#### DATA EXCERPT

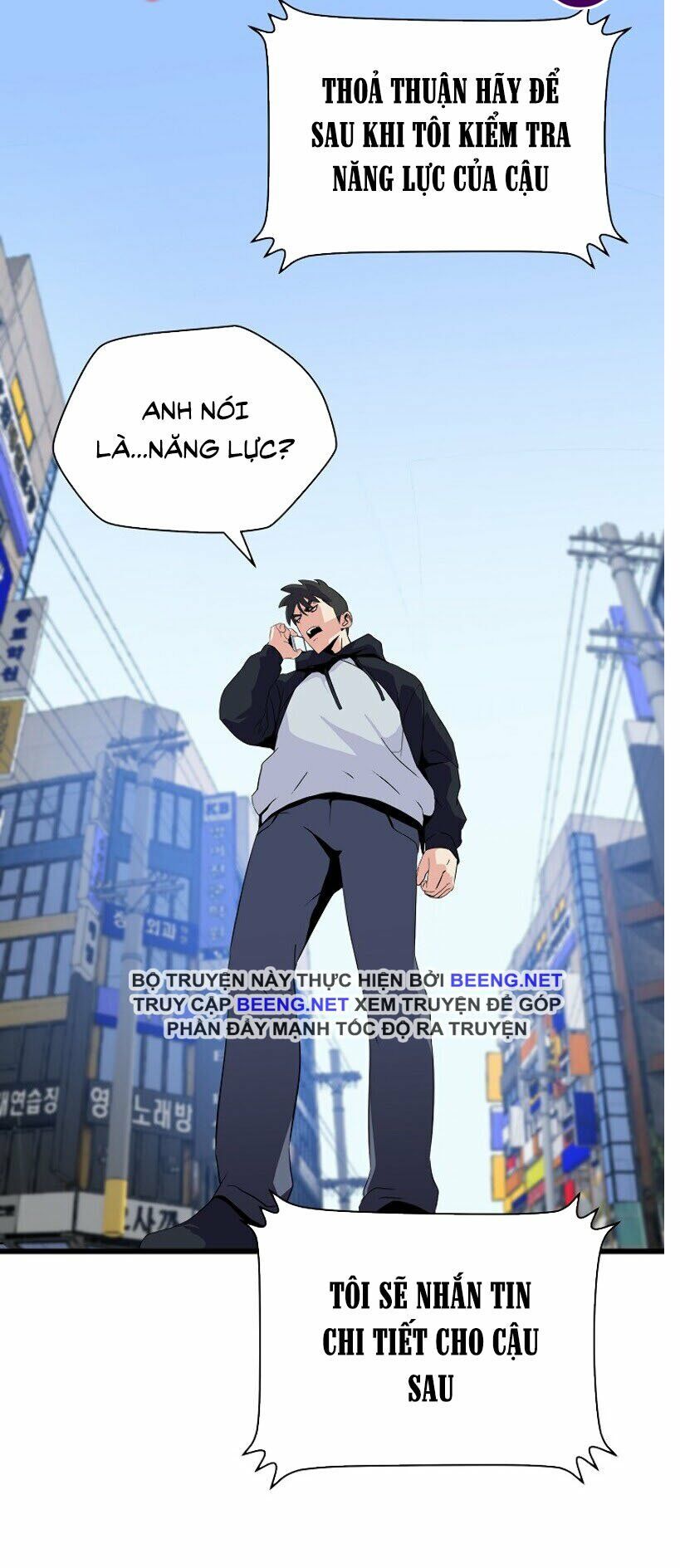 đọc truyện Kẻ Săn Anh Hùng Chương 18 ảnh 50 tại Thiên Thai Truyện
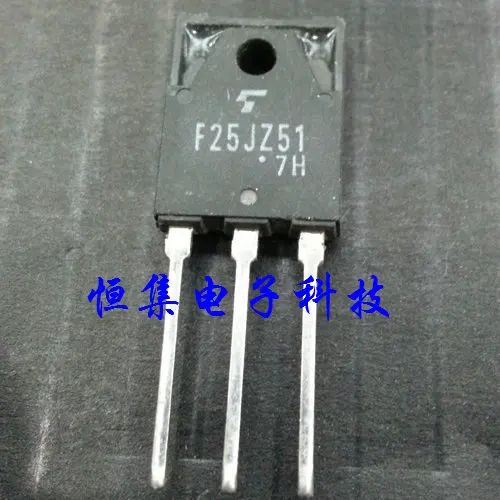 10 шт./лот SCR F25JZ51 (25A 600 В) новый оригинальный|scr output|scr regulatorscr thyristor |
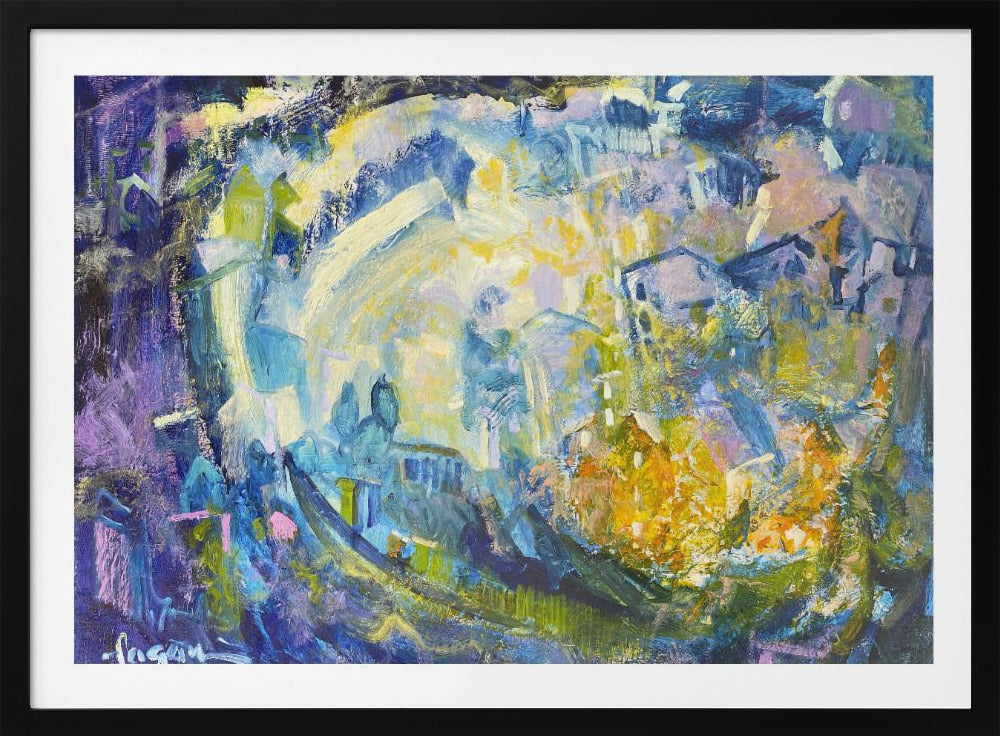 The Art of Quiet Listening | Poster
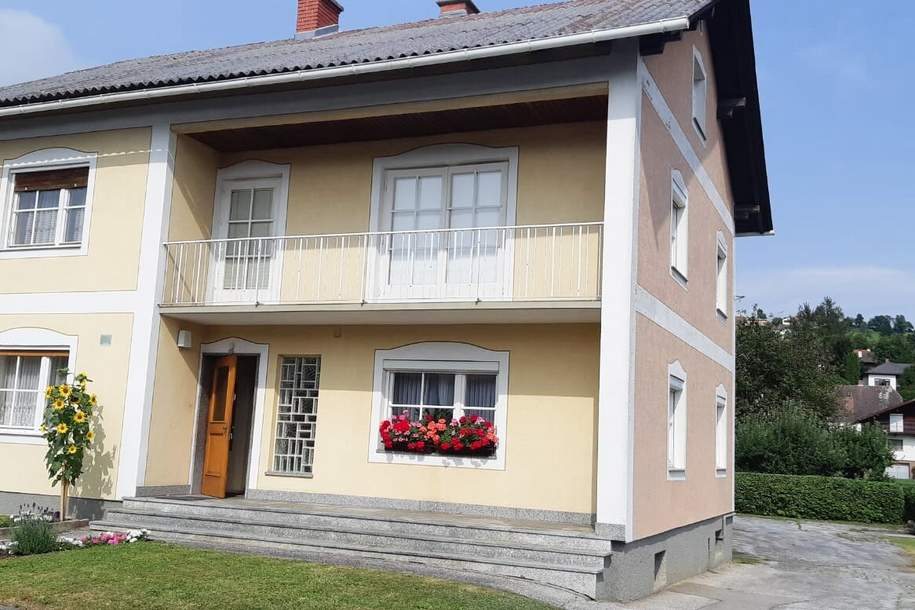 Liegenschaft mit riesigem Potential sucht neuen Eigentümer!, Haus-kauf, 390.000,€, 8243 Hartberg-Fürstenfeld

########

Drop the pictures and set down the data above exactly.

 đọc truyện Kẻ Săn Anh Hùng Chương 18 ảnh 50 tại Thiên Thai Truyện
 10 шт./лот SCR F25JZ51 (25A 600 В) новый оригинальный|scr output|scr regulatorscr thyristor |
 The Art of Quiet Listening | Poster
 Liegenschaft mit riesigem Potential sucht neuen Eigentümer!, Haus-kauf, 390.000,€, 8243 Hartberg-Fürstenfeld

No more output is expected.